Ronald Martin, Robert Patterson and Mark Martin sit at a whites-only lunch counter in Greensboro, North Carolina, on February 2, 1960. A day earlier, four African-American college students made history when they sat at the same Woolsworth's counter. Service never came for the "Greensboro Four," as they came to be known, and their peaceful demonstration drew national attention and sparked more sit-ins in Southern cities.

People protest outside a Woolsworth's in Pittsburgh.

Dion Diamond is harassed during a sit-in at the Cherrydale Drug Fair in Arlington, Virginia. He was part of a small group called the Non-Violent Action Group. Some people threw lit cigarettes at group members, while others kicked them. The two-week protests in June 1960 led to the integration of restaurants in Arlington. Restaurants soon followed in nearby Alexandria and Fairfax.

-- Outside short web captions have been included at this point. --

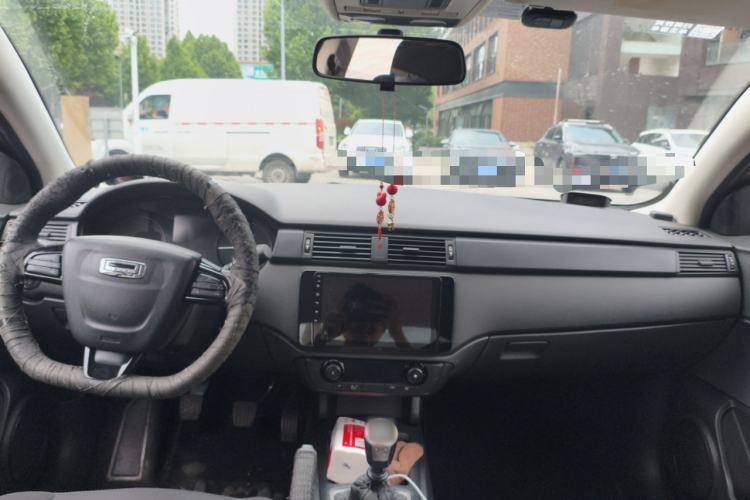 Used Qoros 3 2014 Sedan 1.6L Manual Zhixiang Model Center Console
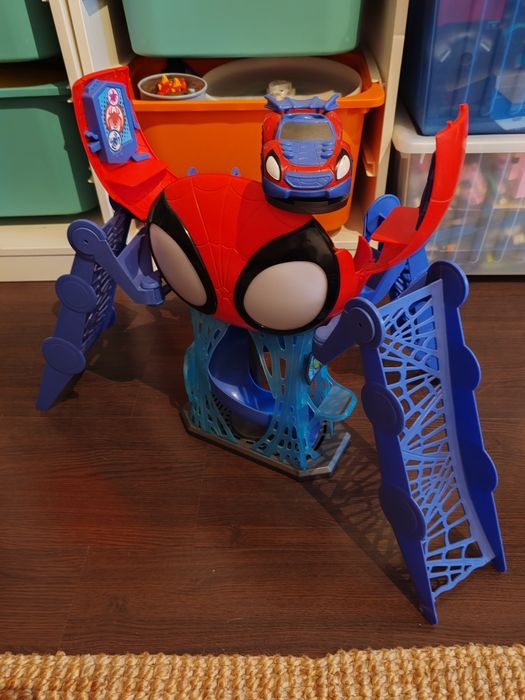 Spidey And His Amazing Friends, turnul lui Spider man.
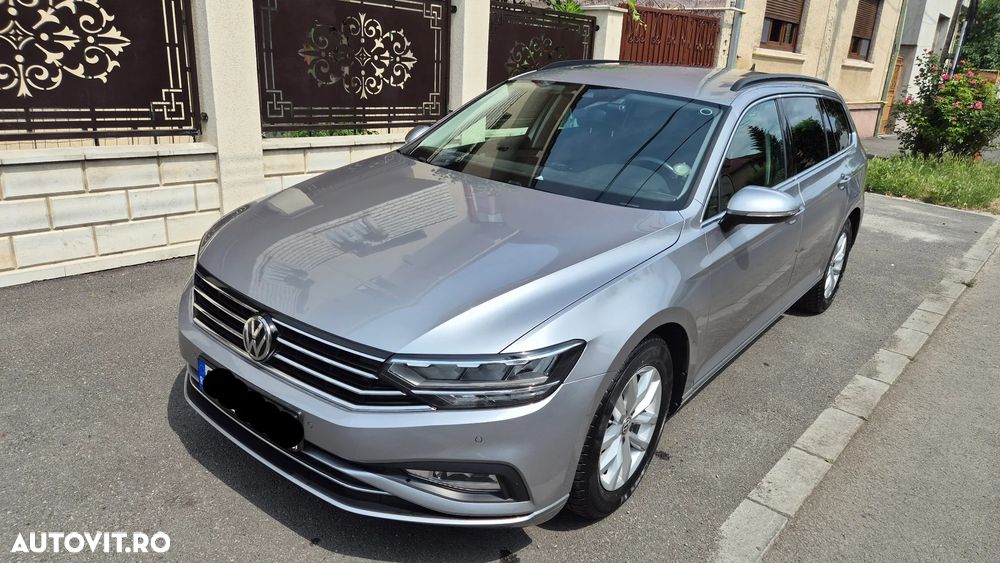 Volkswagen Passat - 1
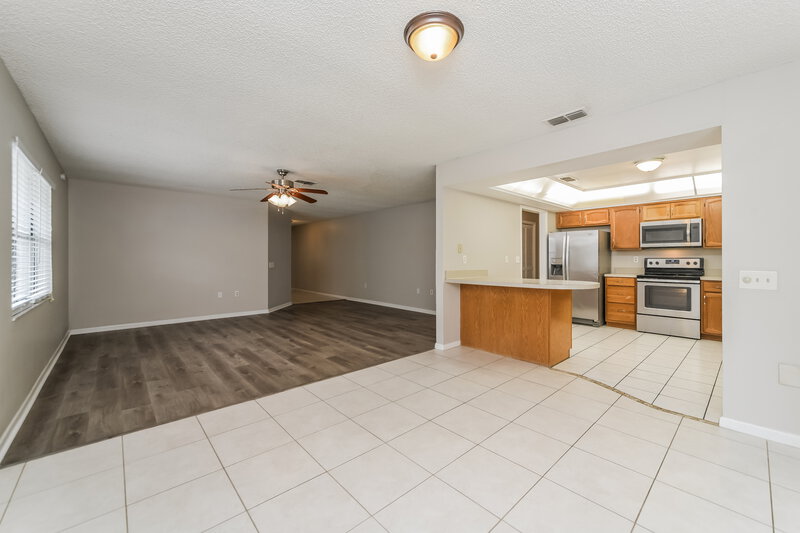 1,835/Mo, 411 Greenfield Rd Winter Haven, FL 33884 Dining Room View 2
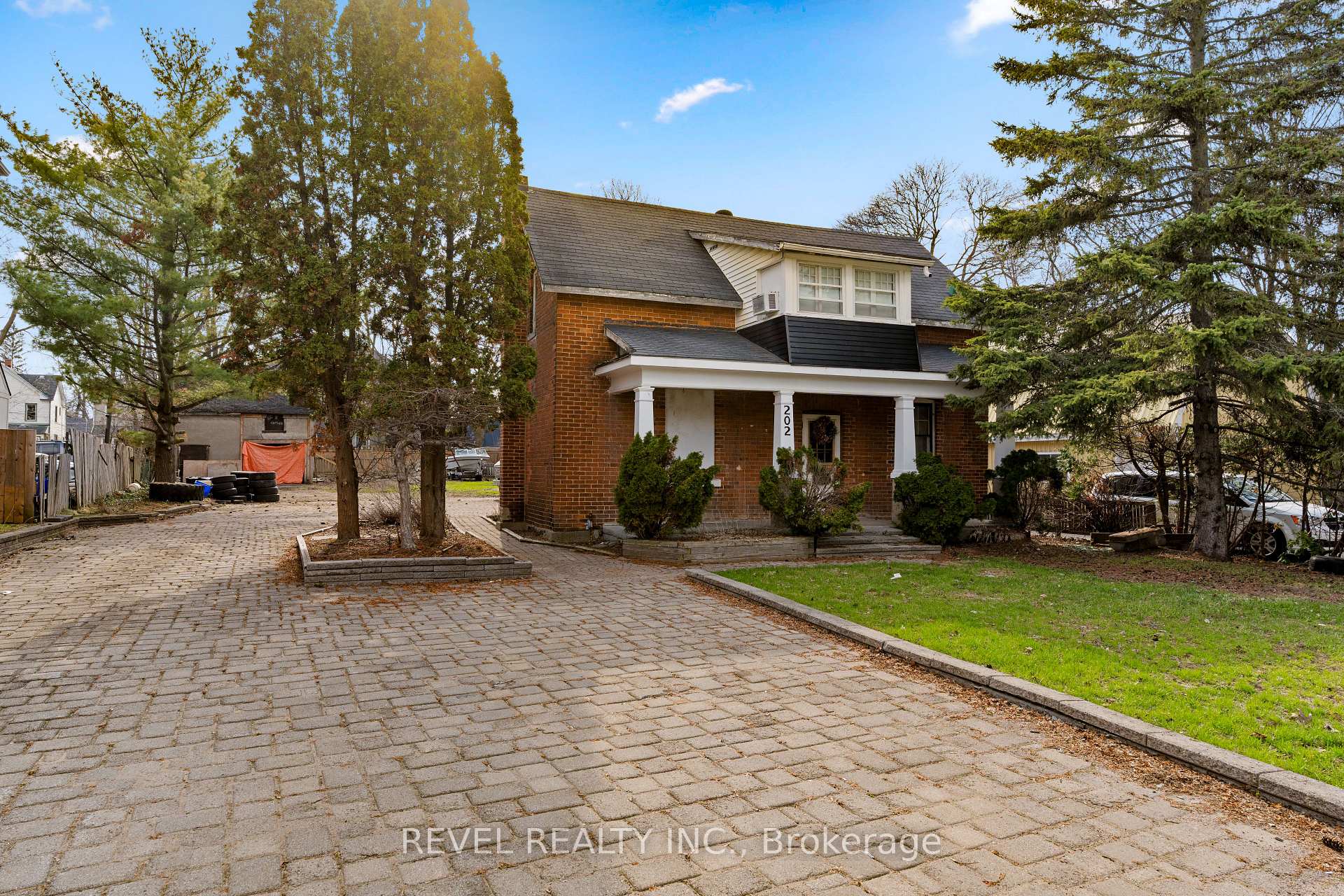 202 Bradford Street, Barrie, ON L4N 3B6 — Barrie, Ontario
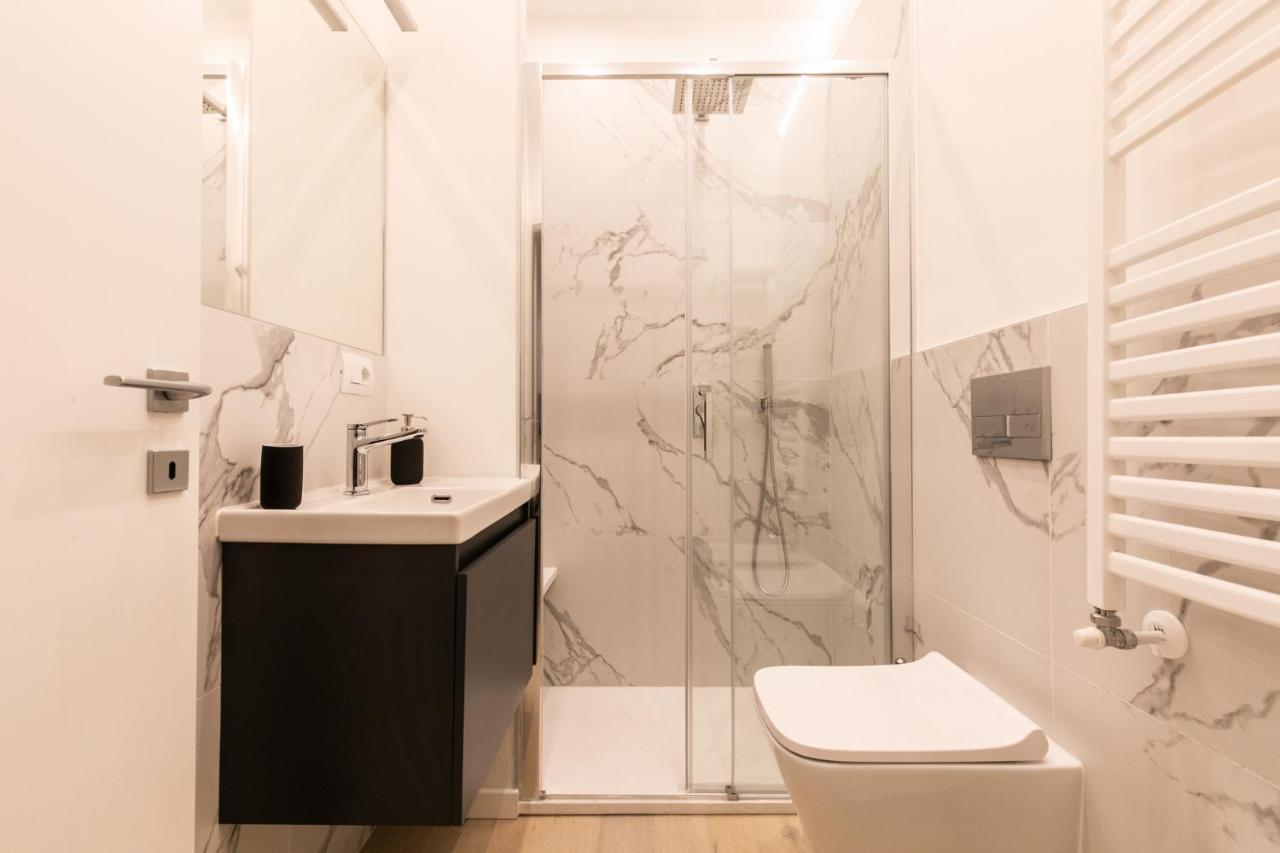 Luxury Apartment - A Due Passi Dal Centro Di Milano Bagian luar foto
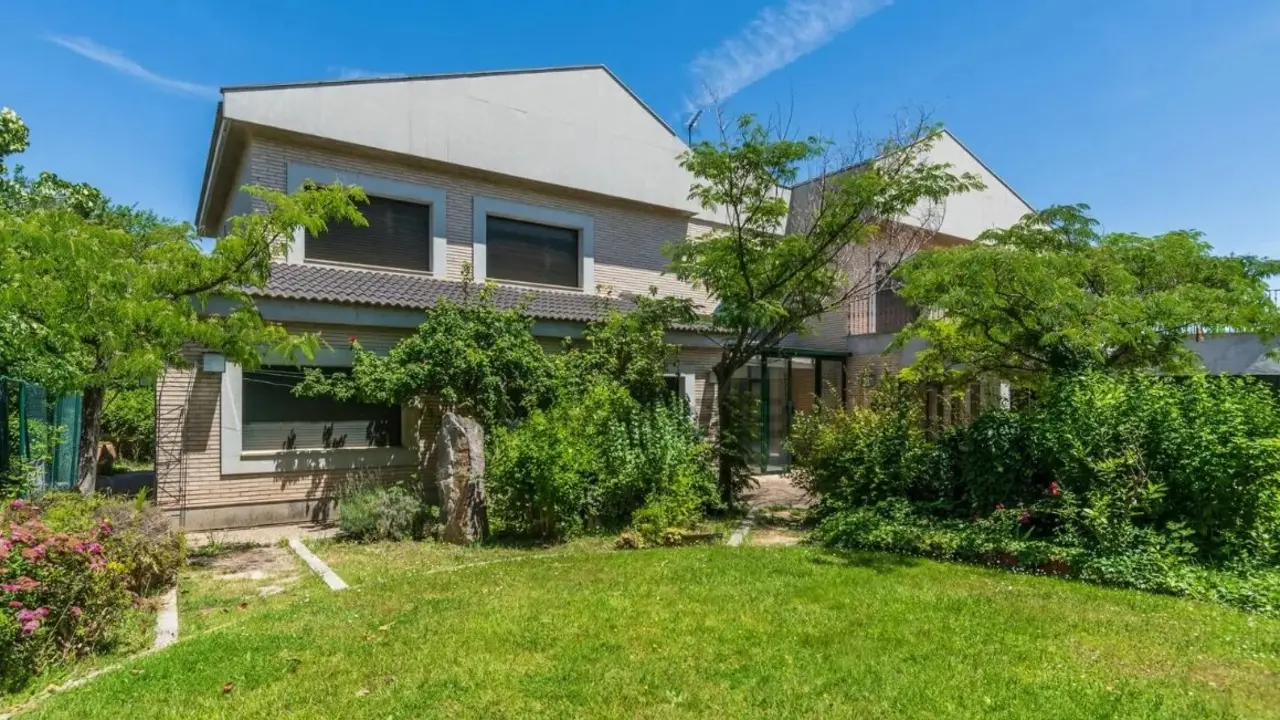 Chalet independiente en Casablanca, a la venta por 2,3 millones de euros / Idealista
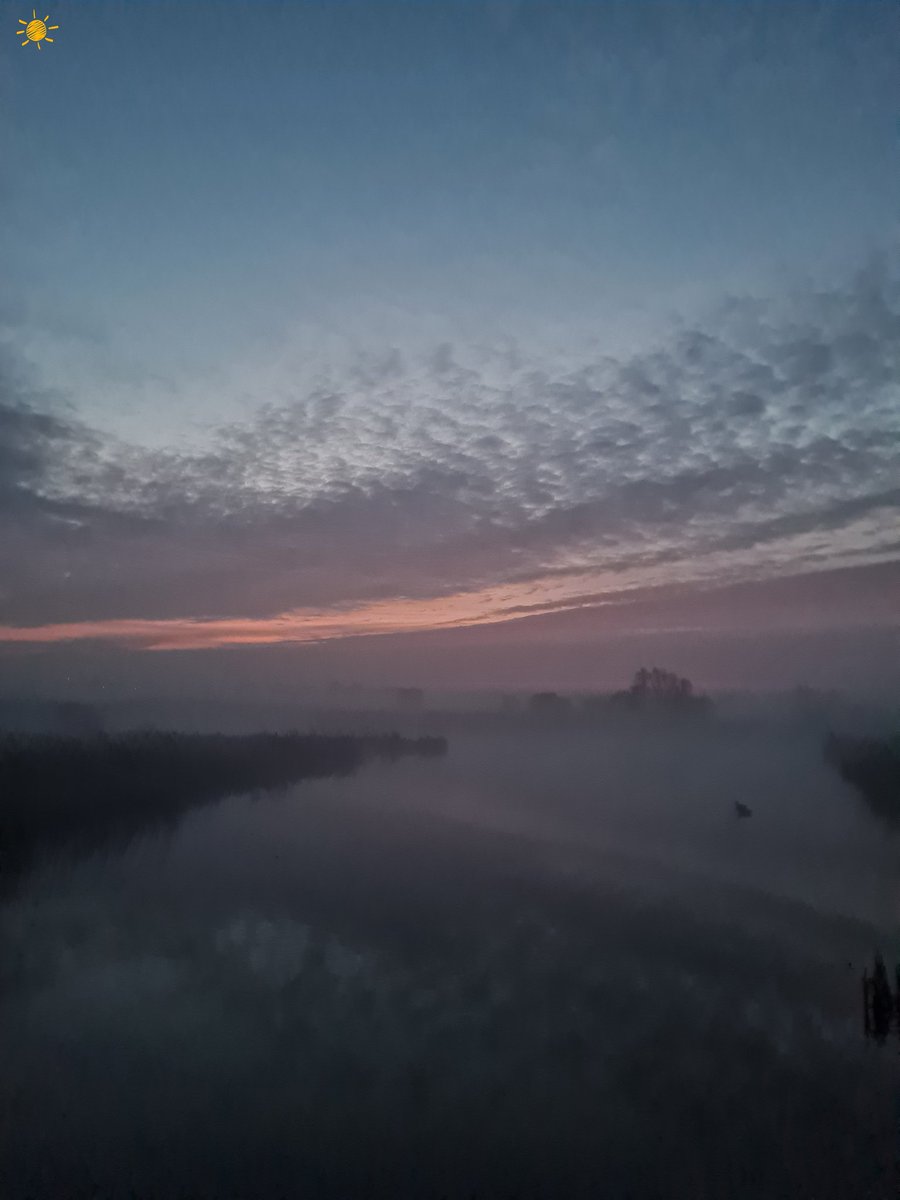 Margreeth0_0's tweet image. Er was wat meer bewolking dan verwacht. Fris ook, mistig maar toch genoeg licht voor De Fietsfoto vanuit De Onlanden😊 #NatureScenery #NaturePhotography #earlystart #sunrise #daybreak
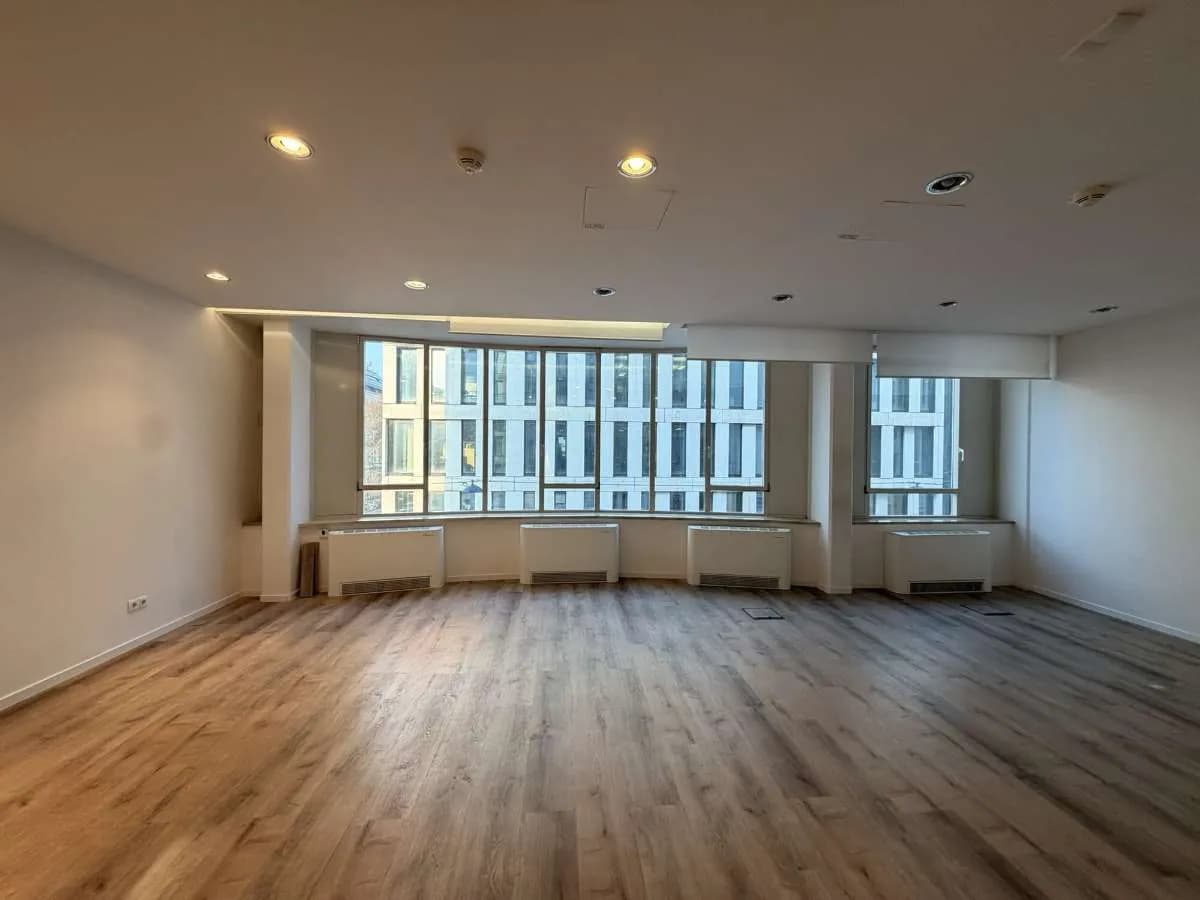 Gewerbeimmobilie mieten in Wien – 311 m², € 5.754 – Bild 2 von 14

Activists would often undergo tolerance training to prepare themselves for what they might encounter during a sit-in. Here, NAACP student adviser David Gunter, left, and Leroy Hill blow smoke into the face of Virginius Thornton.

Trainers in Petersburg, Virginia, use newspapers to swat volunteers in the head and prepare them for harassment they might encounter during a sit-in.

Students wait in vain at a Greensboro Woolsworth's in April 1960.

Woolworth's temporarily closed a store in Atlanta after Harold Sprayberry sprayed insect repellant above the heads of nearly 100 sit-in protesters in October 1960. He was arrested, and the store reopened about an hour later.

People poured sugar, ketchup and mustard over the heads of Tougaloo College students who were conducting a sit-in at a Woolsworth's in Jackson, Mississippi, in May 1963. Sitting at the counter, from left, are Tougaloo professor John Salter and students Joan Trumpauer and Anne Moody.

A police officer in Birmingham, Alabama, frisks a demonstrator after an attempted sit-in on April 15, 1963.

Protesters fill a jail cell in Raleigh, North Carolina, in 1963. A year later, the Civil Rights Act outlawed discrimination in public places and facilities and banned discrimination based on race, gender, religion or national origin.